Inflamm Bowel Dis 2014 Aug;20(8):1435-47
*Department of Biosciences, Cell Biology, Åbo Akademi University, Biocity, Turku, Finland; †Department of Medical Microbiology and Immunology, and ‡Turku PET Center, Medicity Research Laboratory, University of Turku, Turku, Finland; §Medical Inflammation Research, MBB, Karolinska Institutet, Stockholm, Sweden; ‖Medicity Research Laboratory, University of Turku, Turku, Finland; and ¶Turku Center for Disease modeling, Turku, Finland.

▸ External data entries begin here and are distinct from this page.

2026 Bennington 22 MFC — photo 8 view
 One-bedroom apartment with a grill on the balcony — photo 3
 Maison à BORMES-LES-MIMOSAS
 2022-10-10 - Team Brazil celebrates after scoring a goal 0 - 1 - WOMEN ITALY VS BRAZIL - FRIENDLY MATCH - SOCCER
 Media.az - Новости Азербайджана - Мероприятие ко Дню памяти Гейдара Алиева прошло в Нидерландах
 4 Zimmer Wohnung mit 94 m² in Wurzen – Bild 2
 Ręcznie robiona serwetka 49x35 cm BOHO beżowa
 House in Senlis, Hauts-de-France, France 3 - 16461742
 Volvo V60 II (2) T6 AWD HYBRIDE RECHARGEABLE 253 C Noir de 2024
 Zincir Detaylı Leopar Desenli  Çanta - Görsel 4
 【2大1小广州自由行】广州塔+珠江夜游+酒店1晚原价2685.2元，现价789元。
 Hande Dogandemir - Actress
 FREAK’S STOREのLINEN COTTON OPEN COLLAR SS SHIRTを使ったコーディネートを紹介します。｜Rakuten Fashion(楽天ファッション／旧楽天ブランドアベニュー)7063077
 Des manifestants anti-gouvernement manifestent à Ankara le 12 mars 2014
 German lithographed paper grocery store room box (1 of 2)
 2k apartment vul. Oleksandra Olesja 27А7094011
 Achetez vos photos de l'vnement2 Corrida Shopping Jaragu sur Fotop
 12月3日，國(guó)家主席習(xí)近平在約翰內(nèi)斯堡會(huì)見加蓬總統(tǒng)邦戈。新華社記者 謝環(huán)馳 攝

Background: Traditional techniques analyzing mouse colitis are invasive, laborious, or indirect. Development of in vivo imaging techniques for specific colitis processes would be useful for monitoring disease progression and/or treatment effectiveness. The aim was to evaluate the applicability of the chemiluminescent probe L-012, which detects reactive oxygen and nitrogen species, for in vivo colitis imaging.
Methods: Two genetic colitis mouse models were used; K8 knockout (K8(-/-)) mice, which develop early colitis and the nonobese diabetic mice, which develop a transient subclinical colitis. Dextran sulphate sodium was used as a chemical colitis model. Mice were anesthetized, injected intraperitoneally with L-012, imaged, and quantified for chemiluminescent signal in the abdominal region using an IVIS camera system.
Results: K8(-/-) and nonobese diabetic mice showed increased L-012-mediated chemiluminescence from the abdominal region compared with control mice. L-012 signals correlated with the colitis phenotype assessed by histology and myeloperoxidase staining. Although L-012 chemiluminescence enabled detection of dextran sulphate sodium-induced colitis at an earlier time point compared with traditional methods, large mouse-to-mouse variations were noted. In situ and ex vivo L-012 imaging as well as [18F]FDG-PET imaging of K8(-/-) mice confirmed that the in vivo signals originated from the distal colon. L-012 in vivo imaging showed a wide variation in reactive oxygen and nitrogen species in young mice, irrespective of K8 genotype. In aging mice L-012 signals were consistently higher in K8(-/-) as compared to K8(+/+) mice.
Conclusions: In vivo imaging using L-012 is a useful, simple, and cost-effective tool to study the level and longitudinal progression of genetic and possibly chemical murine colitis.